-- DIRECTIONS FOR THIS TASK --
Beginning with the line that contains "Foto del edificio" and ending with the last line of the records, write out each line exactly and omit the pictures.

++++++++++

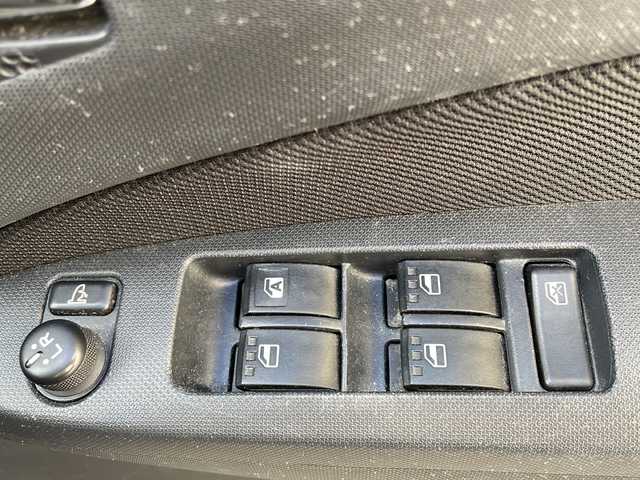 ダイハツ ムーヴ カスタム X 滋賀県 2013(平25)年 7.6万km アーバンナイトブルークリスタルメタリック ワンオーナー/純正メモリナビ/バックカメラ/ウィンカーミラー/プッシュスタート/ETC/AM/FM/CD/DVD/Bluetooth/スペアキー（板キー）/純正アルミ付きサマータイヤ4本/アイドリングストップ/オートライト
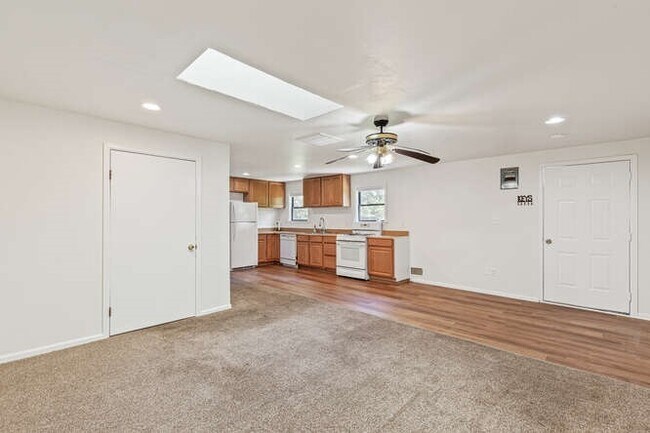 Foto del edificio - Super Cute 1 Bed, 1 Bath Carriage House!! ...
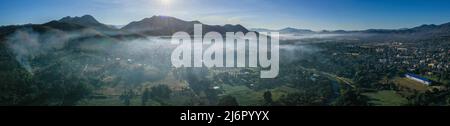 Vista aerea di Pai durante l'alba con nebbia a Mae Hong Son, Thailandia. Foto di alta qualità Foto Stock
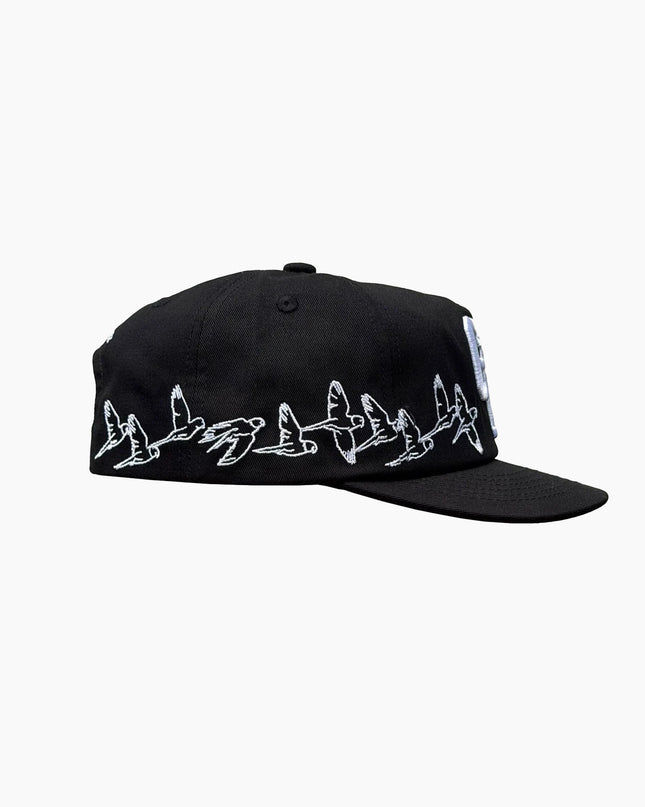 Green Room Pitch Black Birdie Cap Seitenansicht, All around Embroidery weiße Vögel schwarz, Green Room Birdie Cap Snapback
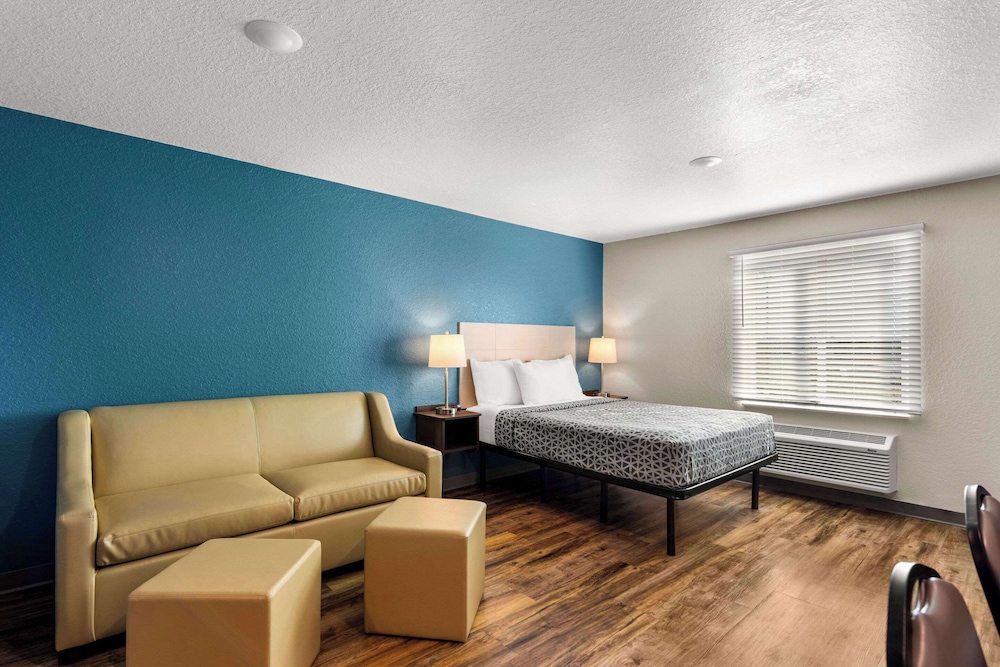 WoodSpring Suites Port St Lucie 9/18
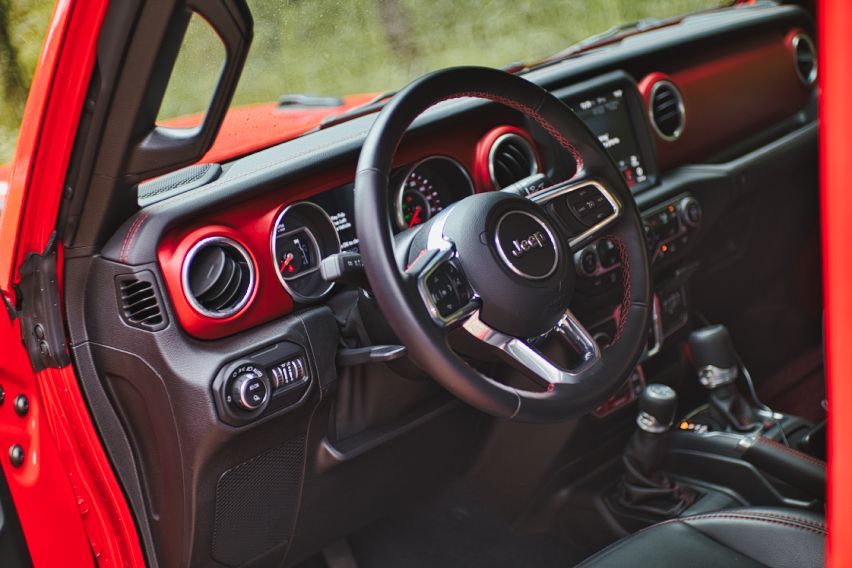 Jeep-Gladiator-Driver-cockpit-far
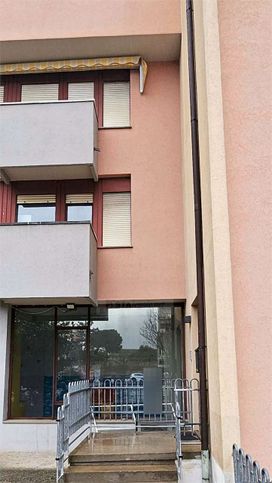 Ufficio in commerciale in Piazza 13 Giugno
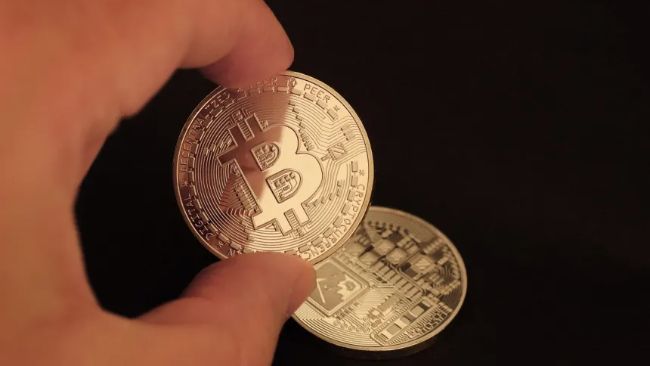 کارشناس بازار: کوتاه‌کردن بیت‌کوین اکنون «غیرممکن» و پرریسک است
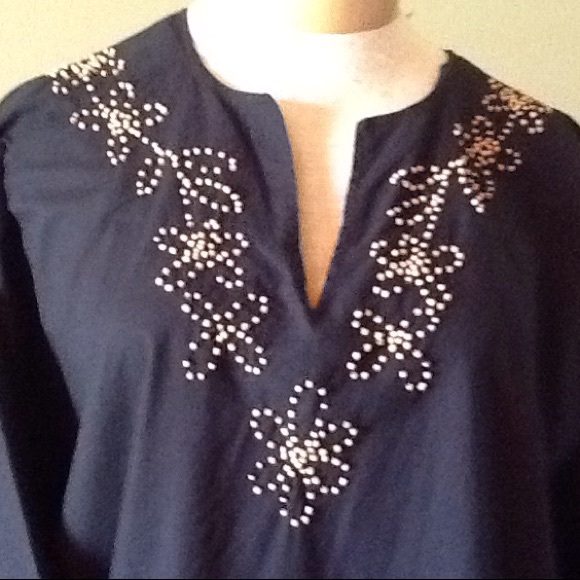 Black shirt - Picture 2 of 3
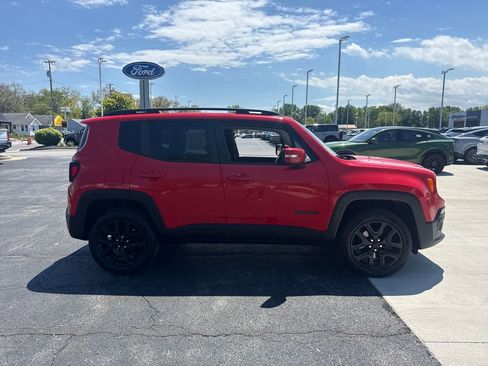 Used 2018 Jeep Renegade Altitude AWD/4WD image 7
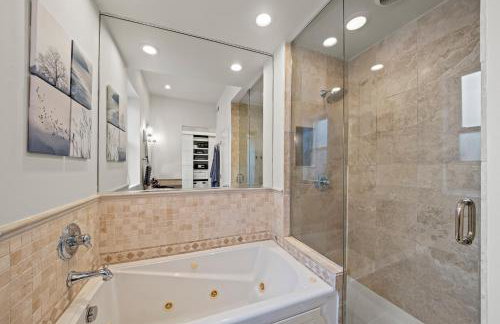 Elegant and Chic 2Bed 2Bath steps from the lake! - Foto 27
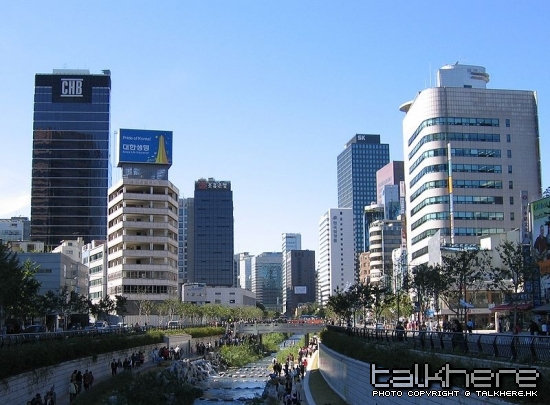 800px-Seoul-01_(xndr).jpg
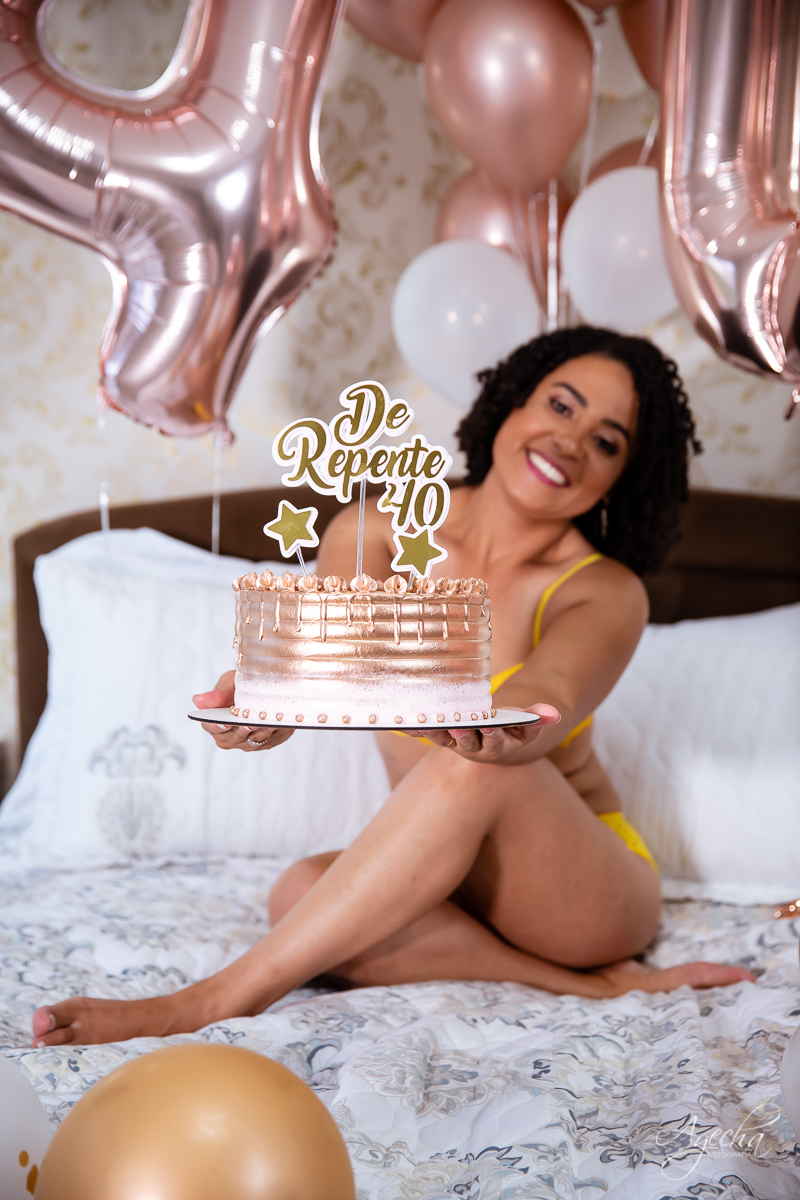 Ensaio feminino; Fotografa Curitiba; Chácara Fotográfica; Chácara Ienkot São José dos Pinhais; Fotografa Piraquara; Ensaio Romântico; Ensaio campo; Ensaio fotográfico feminino; Fotos aniversário; Balões personalizados;  Ensaio quarto fotográfico; 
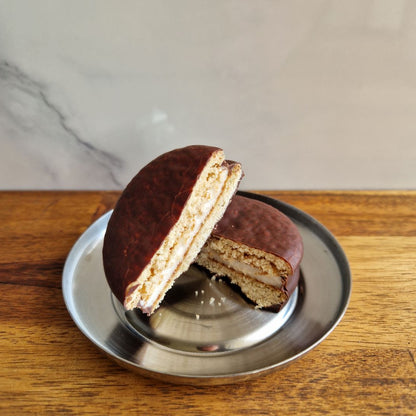 photo d'un gouter avec un chocopie coupé en deux.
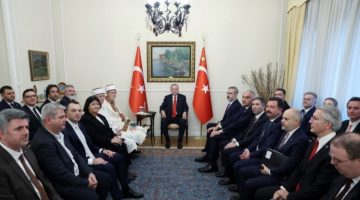 Cumhurbaşkanı Erdoğan, Türkiye’nin Atina Büyükelçiliğini ziyaret etti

++++++++++

-- EXERCISE OUTPUT --
 Foto del edificio - Super Cute 1 Bed, 1 Bath Carriage House!! ...
 Vista aerea di Pai durante l'alba con nebbia a Mae Hong Son, Thailandia. Foto di alta qualità Foto Stock
 Green Room Pitch Black Birdie Cap Seitenansicht, All around Embroidery weiße Vögel schwarz, Green Room Birdie Cap Snapback
 WoodSpring Suites Port St Lucie 9/18
 Jeep-Gladiator-Driver-cockpit-far
 Ufficio in commerciale in Piazza 13 Giugno
 کارشناس بازار: کوتاه‌کردن بیت‌کوین اکنون «غیرممکن» و پرریسک است
 Black shirt - Picture 2 of 3
 Used 2018 Jeep Renegade Altitude AWD/4WD image 7
 Elegant and Chic 2Bed 2Bath steps from the lake! - Foto 27
 800px-Seoul-01_(xndr).jpg
 Ensaio feminino; Fotografa Curitiba; Chácara Fotográfica; Chácara Ienkot São José dos Pinhais; Fotografa Piraquara; Ensaio Romântico; Ensaio campo; Ensaio fotográfico feminino; Fotos aniversário; Balões personalizados;  Ensaio quarto fotográfico; 
 photo d'un gouter avec un chocopie coupé en deux.
 Cumhurbaşkanı Erdoğan, Türkiye’nin Atina Büyükelçiliğini ziyaret etti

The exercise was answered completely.